Pfizer prevails in Norvasc patent suit
NEW YORK, Jan. 31 (UPI) — U.S. drug powerhouse Pfizer said Wednesday it has prevailed in its patent dispute with Synthon over the anti-hypertension drug Norvasc.
The company said that the U.S. District Court for the Eastern District of Virginia found Synthon obtained by inequitable conduct two U.S. patents alleged to cover a process and an intermediate compound used to make the top-selling drug's active ingredient.
Pfizer said the court issued a ruling that Synthon knowingly withheld from the U.S. Patent Office Pfizer publications and other information that described the process for which Synthon was seeking a patent.
“It's very difficult to meet the standards for establishing inequitable conduct,” said Allen Waxman, an attorney representing Pfizer. “But in this case, it is clear that Synthon improperly used Pfizer's own published material to obtain a patent that it then tried to enforce against us.”
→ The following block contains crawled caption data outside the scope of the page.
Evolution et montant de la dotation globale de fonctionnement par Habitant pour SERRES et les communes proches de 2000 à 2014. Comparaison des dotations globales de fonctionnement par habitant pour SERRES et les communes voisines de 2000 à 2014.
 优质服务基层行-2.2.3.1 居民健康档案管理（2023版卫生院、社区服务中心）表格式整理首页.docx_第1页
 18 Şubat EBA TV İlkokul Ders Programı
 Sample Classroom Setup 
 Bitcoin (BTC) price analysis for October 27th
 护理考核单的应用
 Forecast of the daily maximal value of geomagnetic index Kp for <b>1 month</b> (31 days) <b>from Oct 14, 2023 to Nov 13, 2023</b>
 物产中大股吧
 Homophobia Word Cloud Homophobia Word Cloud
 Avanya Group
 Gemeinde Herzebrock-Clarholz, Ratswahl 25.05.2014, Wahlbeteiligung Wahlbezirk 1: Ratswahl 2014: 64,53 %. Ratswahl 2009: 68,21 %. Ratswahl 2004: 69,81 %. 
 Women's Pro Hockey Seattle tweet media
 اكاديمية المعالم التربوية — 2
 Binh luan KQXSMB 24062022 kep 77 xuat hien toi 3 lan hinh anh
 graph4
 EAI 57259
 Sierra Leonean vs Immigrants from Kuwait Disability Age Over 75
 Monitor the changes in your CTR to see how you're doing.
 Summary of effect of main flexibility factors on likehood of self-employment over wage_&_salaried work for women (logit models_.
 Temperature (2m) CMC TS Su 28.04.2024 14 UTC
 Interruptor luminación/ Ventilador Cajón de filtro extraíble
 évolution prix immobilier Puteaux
In the case, Synthon had charged that the process Pfizer uses to manufacture Norvasc infringed Synthon patents issued in 2003 and 2005, a process Pfizer said it has published and has used for 15 years.
In August 2006 Pfizer won another court judgment in the dispute that one of the two patents at issue was not infringed by Pfizer and was invalid, mainly because it was based on Pfizer's prior published work.
Synthon had dropped its claim of infringement on the second patent before trial, Pfizer said.